(EXERCISE INSTRUCTIONS)
The reply should contain all the data below, repeated exactly, and none of the images.

(THE RECORDS)
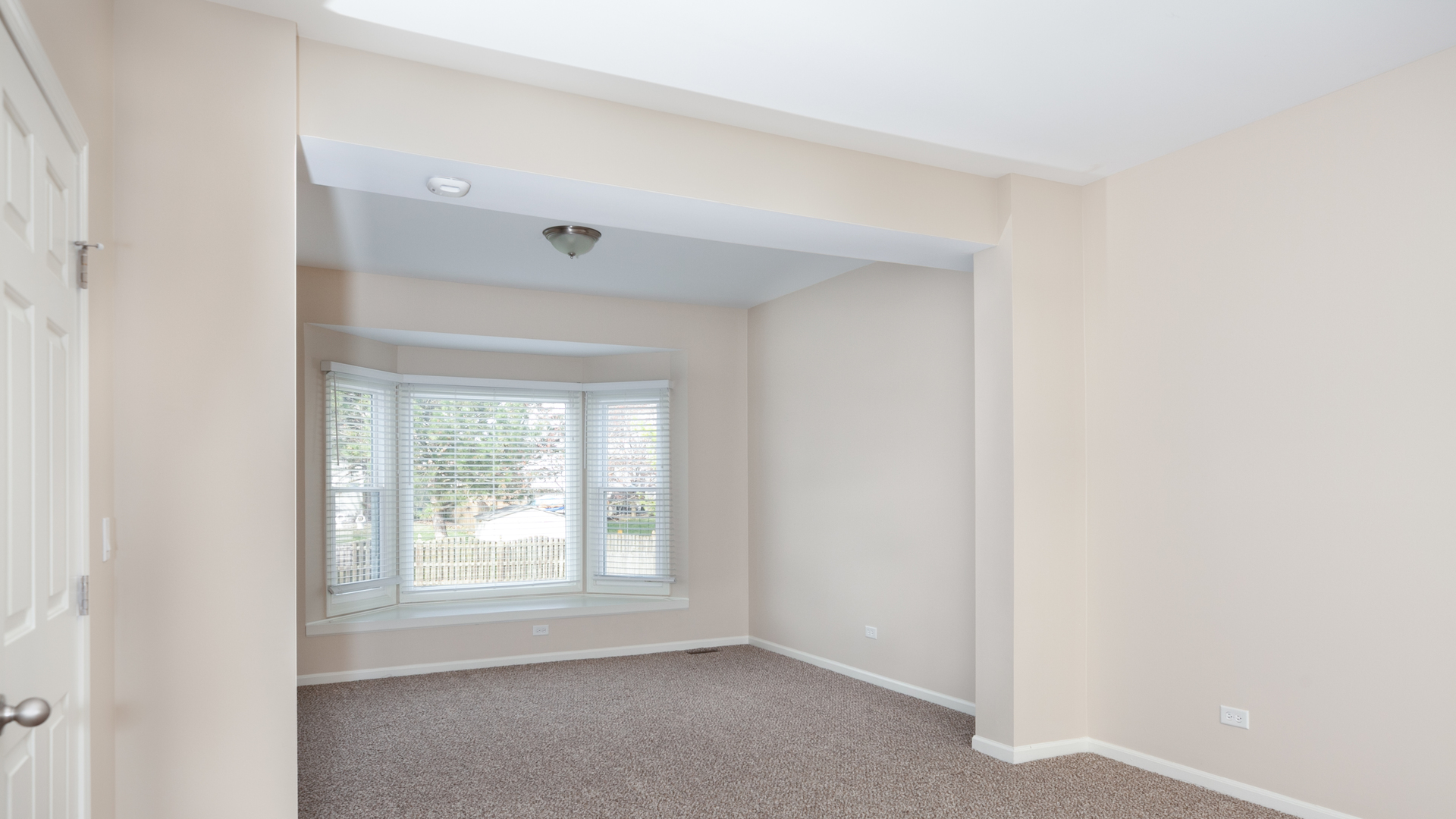 24856 Vermette Road Plainfield, IL 60585 - Photo 8 of 18 a view of an empty room with a window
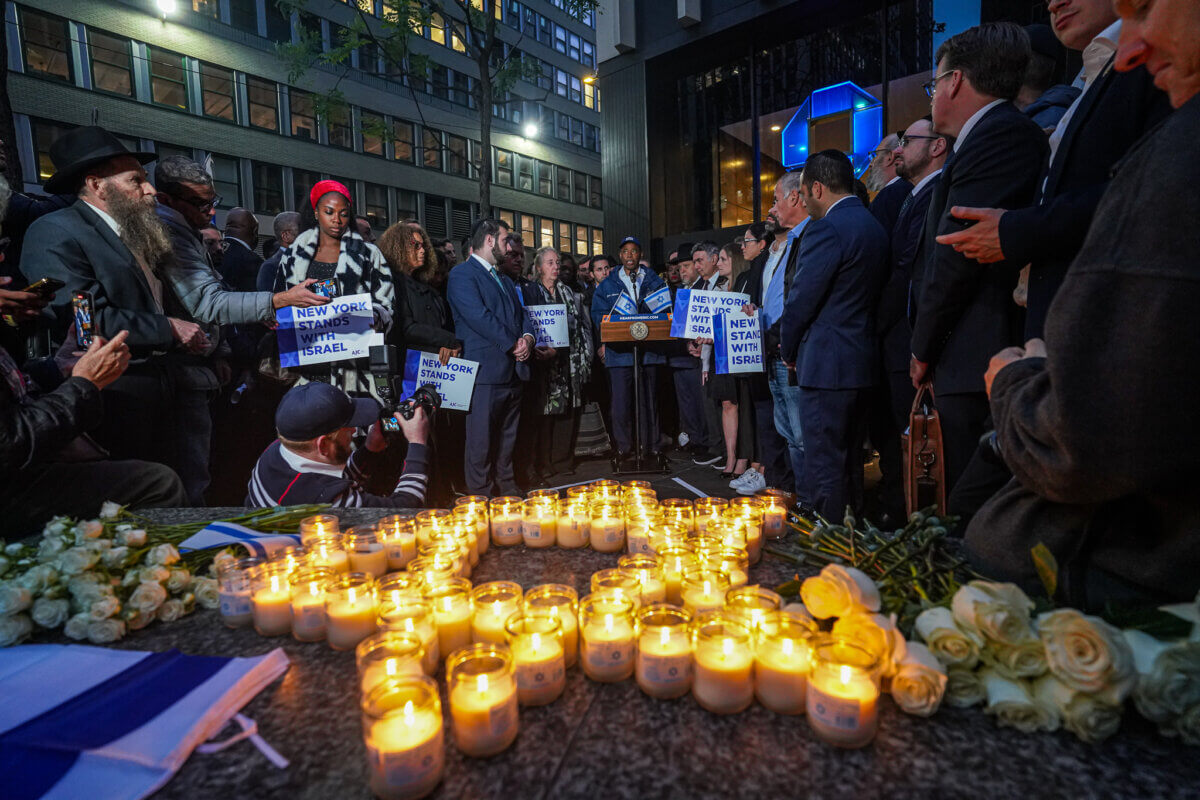 Mayor Eric Adams before star of David in candles at vigil over Israel terrorist attacks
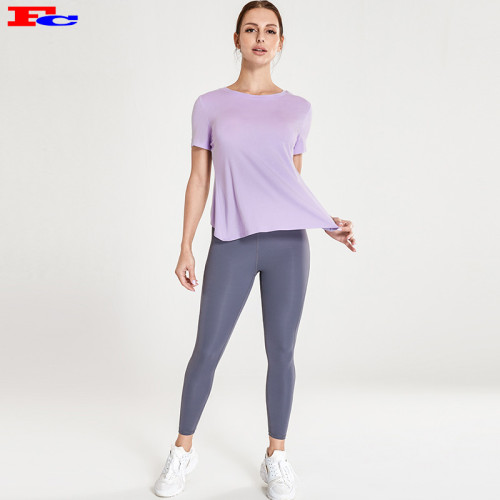 Produttori di abbigliamento da allenamento per maglietta viola chiaro con incrocio sul retro e leggings grigio scuro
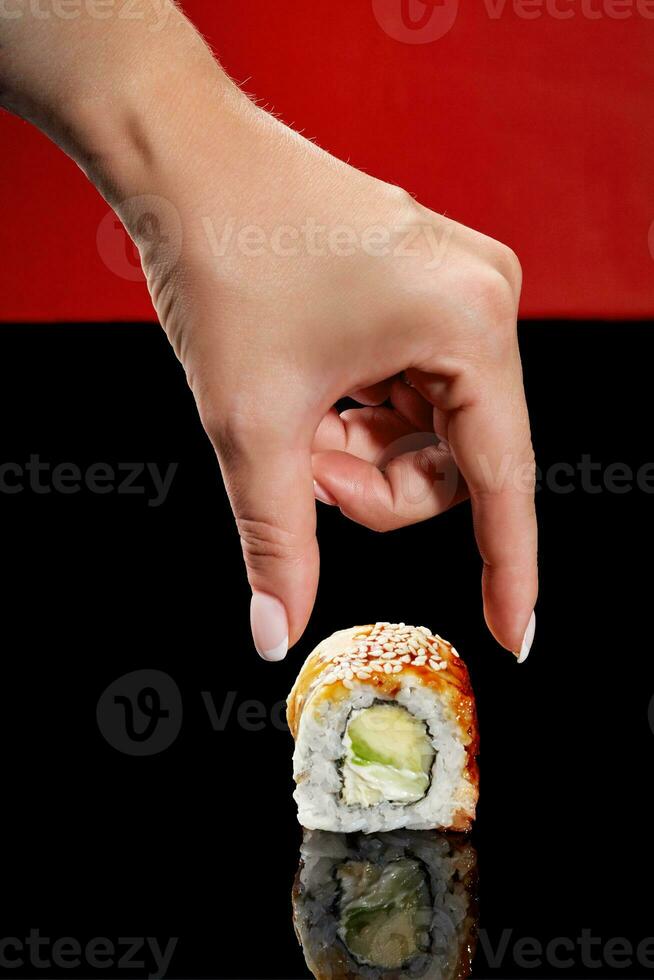 vrouw hand- bereiken uit naar unagi rollen met aal, room kaas en avocado foto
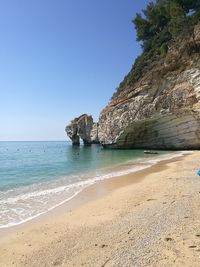 Scenic view of beach against clear blue sky
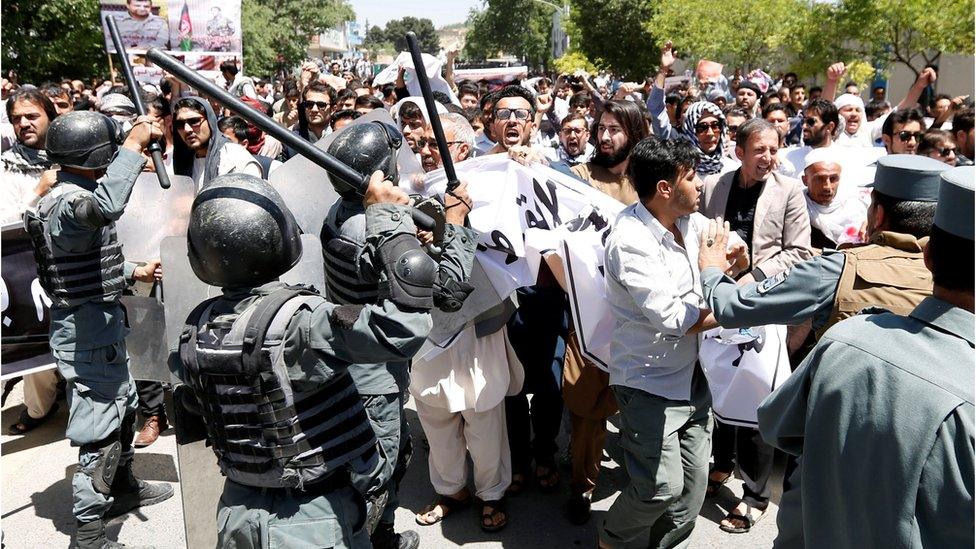 Afghan policemen clash with demonstrators during a protest in Kabul, Afghanistan 2 June 2017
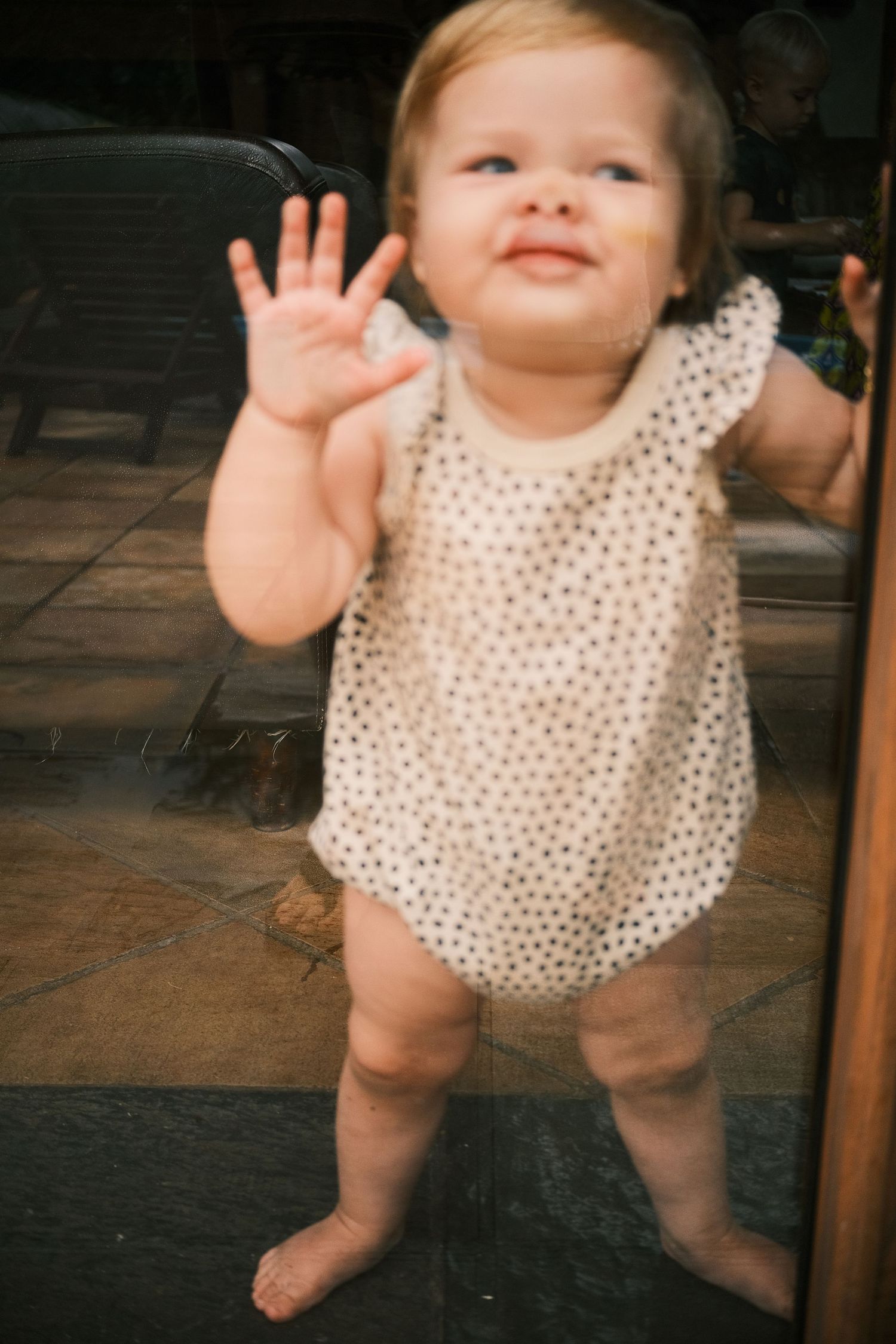 Adorable toddler in polka dot romper pressing hand against glass door while standing barefoot.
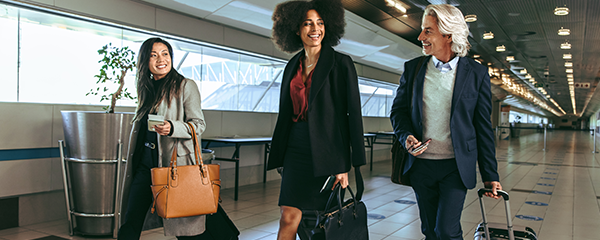 Group of business people going on business trip carrying suitcases while walking through airport passageway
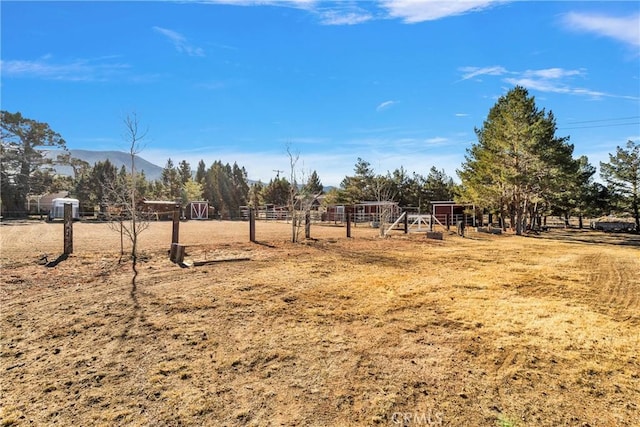 view of yard with a mountain view and a rural view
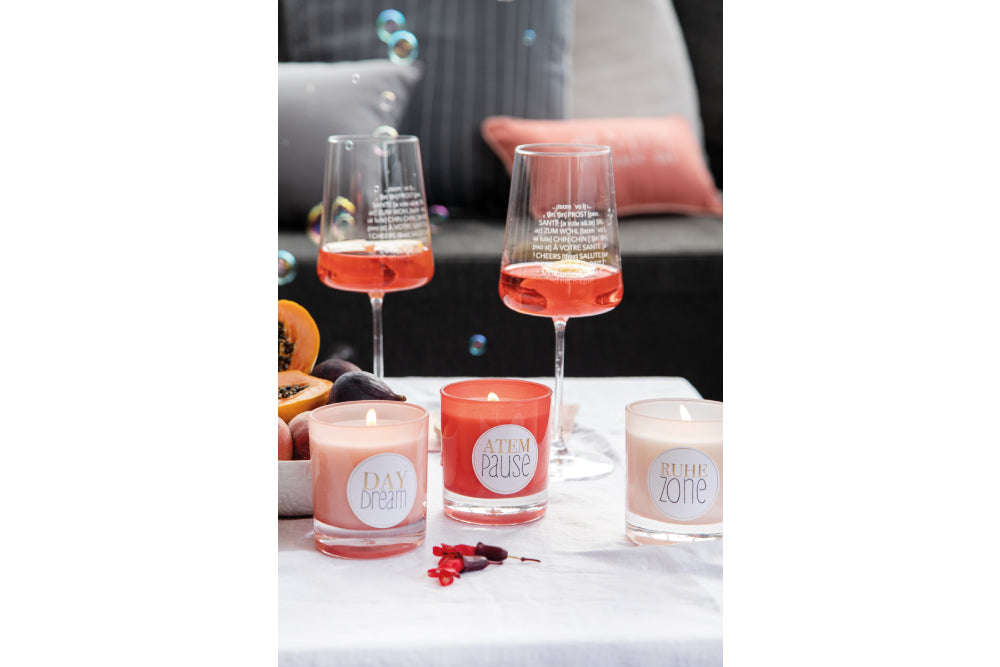 Duftkerze Daydream, Atempause und Ruhezone in verschiedenen Rottönen mit Weingläsern auf einem Tisch mit Seifenblasen im Hintergrund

(SOLUTION TO THIS TASK)
 24856 Vermette Road Plainfield, IL 60585 - Photo 8 of 18 a view of an empty room with a window
 Mayor Eric Adams before star of David in candles at vigil over Israel terrorist attacks
 Produttori di abbigliamento da allenamento per maglietta viola chiaro con incrocio sul retro e leggings grigio scuro
 vrouw hand- bereiken uit naar unagi rollen met aal, room kaas en avocado foto
 Scenic view of beach against clear blue sky
 Afghan policemen clash with demonstrators during a protest in Kabul, Afghanistan 2 June 2017
 Adorable toddler in polka dot romper pressing hand against glass door while standing barefoot.
 Group of business people going on business trip carrying suitcases while walking through airport passageway
 view of yard with a mountain view and a rural view
 Duftkerze Daydream, Atempause und Ruhezone in verschiedenen Rottönen mit Weingläsern auf einem Tisch mit Seifenblasen im Hintergrund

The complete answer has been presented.